■ **WHAT TO DO**
Images aside, the whole listing should be written out word for word.

■ **SUPPLIED INFORMATION**
::::
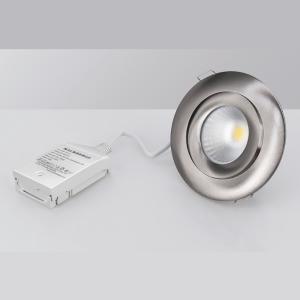 Downlight MD-360, LED, 6W, Satin, AC-chip, IP44, Malmbergs 9974590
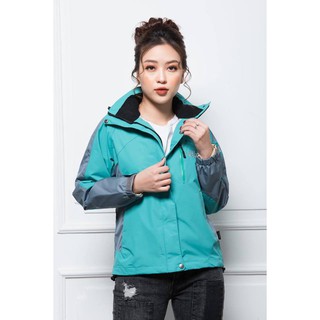 [ FREESHIP TOÀN QUỐC ] Áo Khoác Dù - Áo Khoác Gió 2 Lớp Dày Chống Nước, Khóa YKK - Nhiều Màu- Hàng VNXK BH 6 Tháng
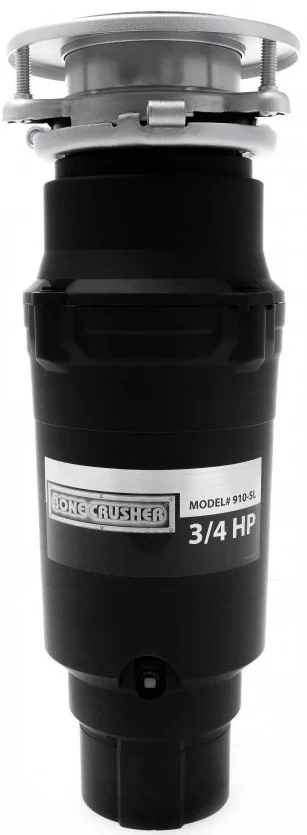 Измельчитель пищевых отходов бытовой BoneCrusher 910 AS-Slim Line (BC910_SlimLine)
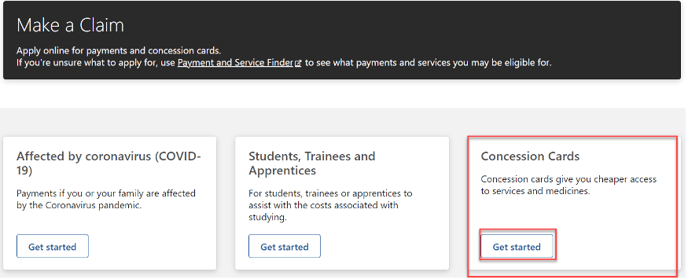 applying for senior concession card 3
::::
■ **EXERCISE RESULT**
 Downlight MD-360, LED, 6W, Satin, AC-chip, IP44, Malmbergs 9974590
 [ FREESHIP TOÀN QUỐC ] Áo Khoác Dù - Áo Khoác Gió 2 Lớp Dày Chống Nước, Khóa YKK - Nhiều Màu- Hàng VNXK BH 6 Tháng
 Измельчитель пищевых отходов бытовой BoneCrusher 910 AS-Slim Line (BC910_SlimLine)
 applying for senior concession card 3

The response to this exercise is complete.